Political motive seen in Sudan murder - police

Tue Mar 16, 2010 5:52am GMT

JUBA, Sudan (Reuters) - South Sudanese police said on Monday they suspected a political motive in the murder of a member of parliament in the southern capital Juba, one month before the first multi-party polls in 24 years.

Zacariah Bol Deng, an independent candidate hoping to represent the south's main oil-producing Unity state in the south's semi-autonomous parliament, died after being shot last Thursday when at least three men broke into his house.

Police were still collecting information but said Sudan's April elections, a key part of Sudan's 2005 north-south peace deal and its first multi-party ballot for 24 years, may have played a role in the incident.

Asked if a political motive was suspected, police Colonel Michael Lasuba said: "Yes, because of the election -- maybe there is competition and you eliminate this one."

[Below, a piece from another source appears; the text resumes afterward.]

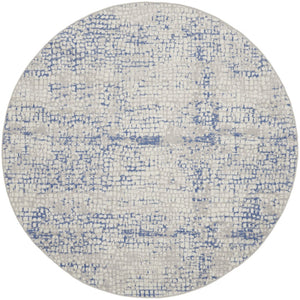HomeRoots 8' Abstract Geometric Pattern Rug in Ivory, Blue, and Gray - Durable, Stain-Resistant for Modern Spaces 8' Round 552300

South Sudan's democratic credentials will be scrutinised during the elections as it may become Africa's newest state in 2011 when southerners choose whether to remain united with northern Sudan or to separate.

Police investigator Sebit Joseph Ater said the victim's brother believed the death was connected to Deng's campaign.

"Maybe there are people who paid for this," Ater said. He said Deng and his wife were sleeping under an open-walled thatch roof when the gunmen pulled them out of bed, threw her to the ground and shot the parliamentarian.

Deng, from Unity State, was a member of the ex-rebel Sudan People's Liberation Movement (SPLM), which dominates the south Sudan government, a party official said. But he was running on an independent ticket for the April ballot.

Some opposition and independent candidates in the south have complained of harassment and arrests by authorities, hampering their ability to campaign.

The SPLM ended more than two decades of north-south civil war with a 2005 peace deal with Khartoum. The conflict was fought over differing political and religious ideologies between the Islamic north and the south where most people are Christian or follow traditional beliefs.